1. We are unable to take the view of the learned Judge that the plaintiff's evidence does not establish a prima facet case for relief. We think that the plaintiff's evidence establishes a prima facie case for relief and that the learned Judge ought to have heard any evidence which the defendant was in a position to adduce and to have dealt with the case after hearing that evidence. We must, accordingly, set aside the decree of the learned Judge and send back the case for trial.

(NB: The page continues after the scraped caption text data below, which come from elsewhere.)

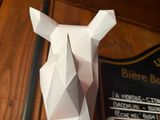 une sculpture en papier représentant une tête de zèbre posée sur une table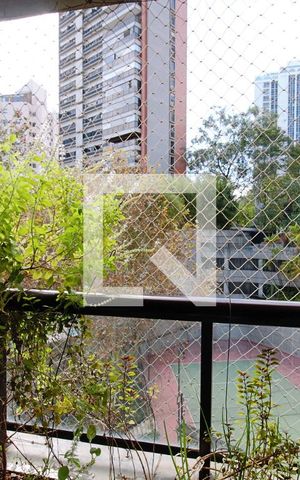 Apartamento à venda com 260m², 3 quartos e 4 vagas Apartamento à venda com 260m², 3 quartos e 4 vagasVaranda da Suíte 2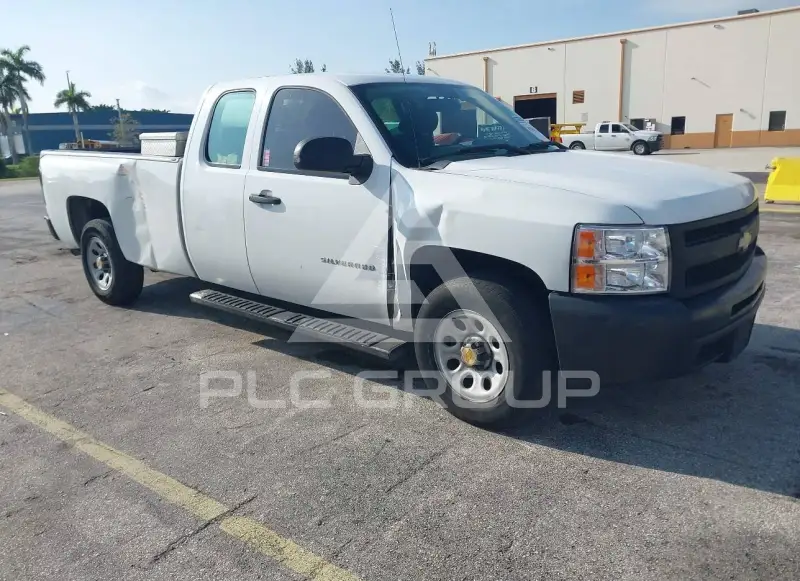 2011 Chevrolet Silverado photo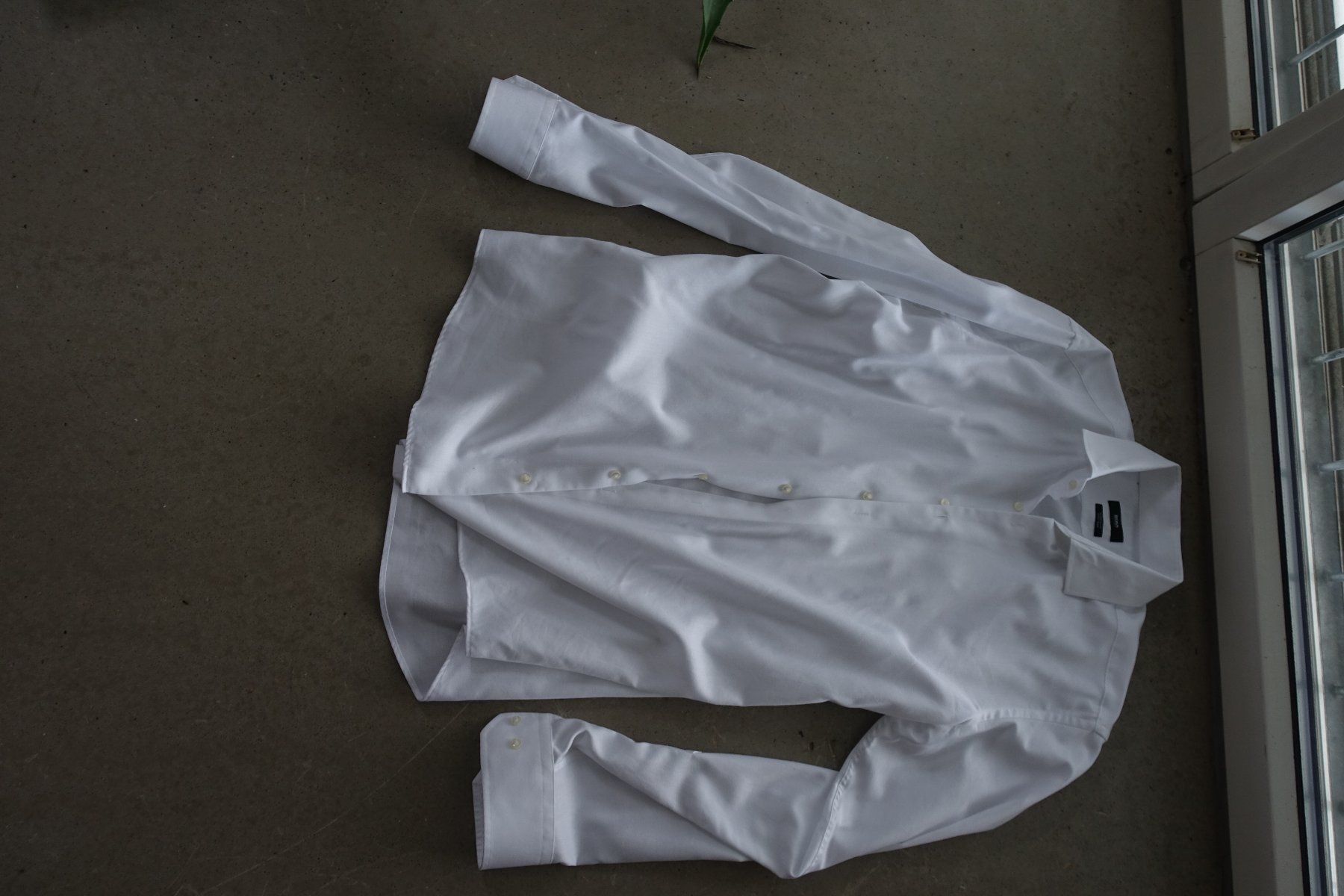Hugo Boss Camicie: 2 Boss Hemden, Baumwolle, Grösse 43L – Nuovo (secondo la descrizione) da Oberrieden venduto da lluc 2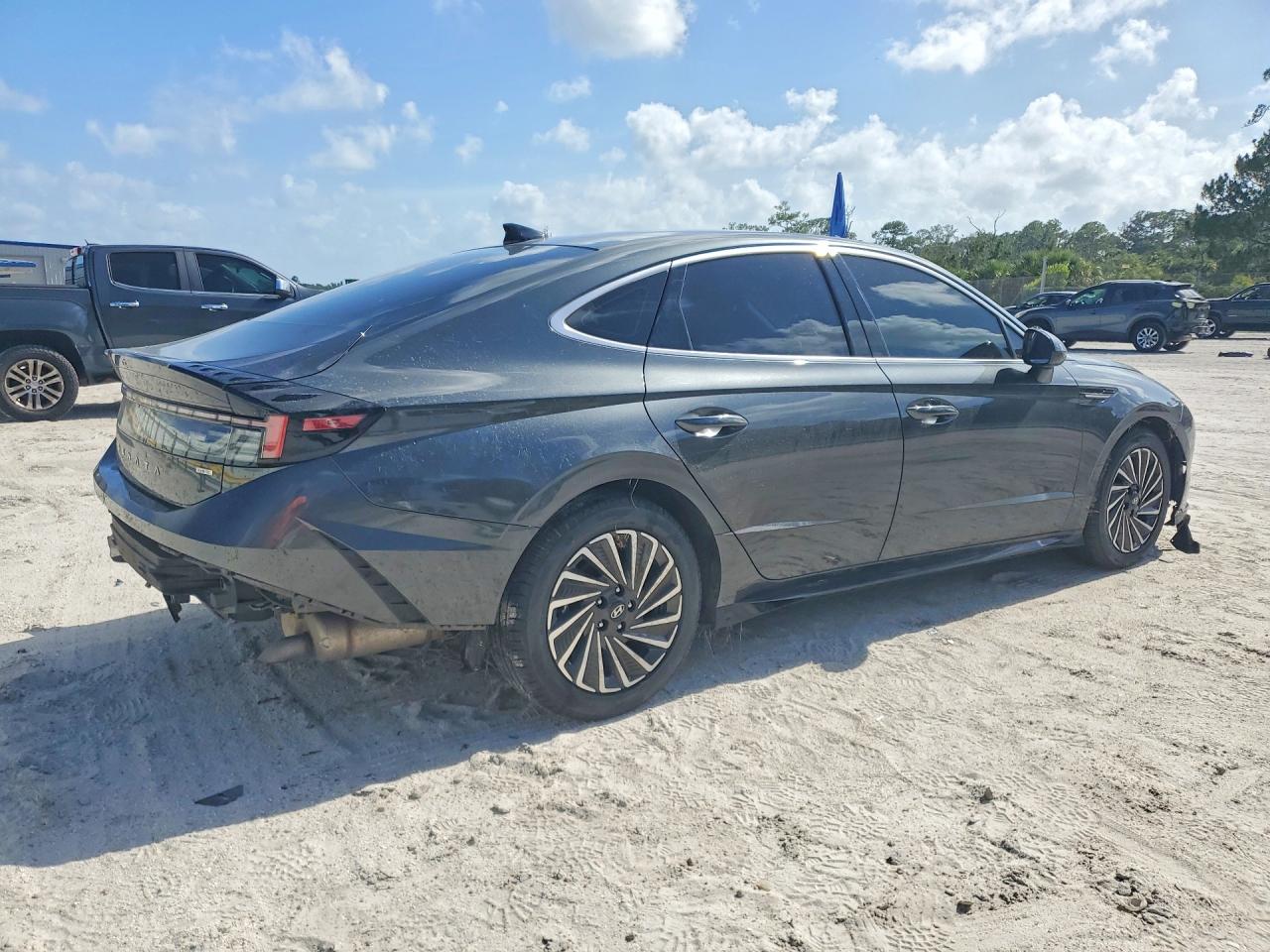 2025 HYUNDAI SONATA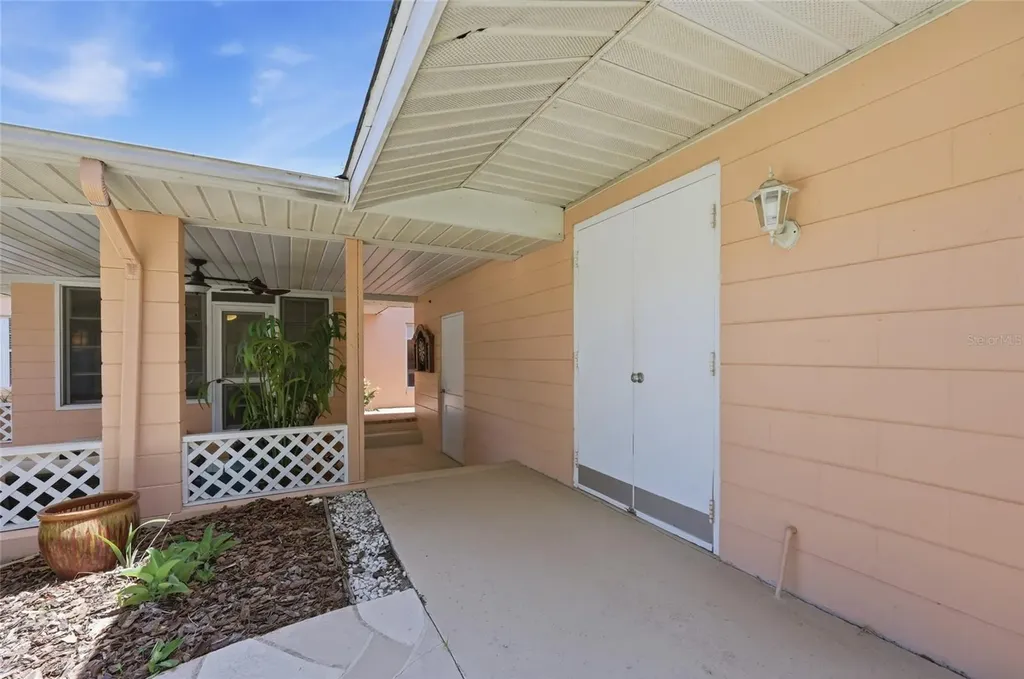 936 N Baker Street Mount Dora FL 32757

In our opinion, the portion of the decree in the suit of 1869 which orders that the plaintiff (in that suit) and his successors should appoint any future Deputy from the male descendants of the defendant (in that suit), as we read the decree, was an order by consent. This being so, it does not have the effect of altering the terms of trust as created in 1787. See Ramasawmi Naick v. Ramasami Chetti 30 M. 255 : 2 M.L.T. 167 : 17 M.L.J. 201. As regards any scheme which the learned Judge may think fit to settle, it seems to us that although the consent decree in the suit of 1869 gives the present plaintiff no right in law to be appointed a Deputy, the arrangement come to in 1869 might well be taken into consideration in settling the terms of the scheme. The costs will be dealt with by the learned Judge on the Original Side. The question of the admissibility of the documents, which Boddam, J., declined to admit in evidence, will be dealt with by the learned Judge on the Original Side. We also leave it to the learned Judge to decide whether the plaintiff should be allowed to call any further evidence.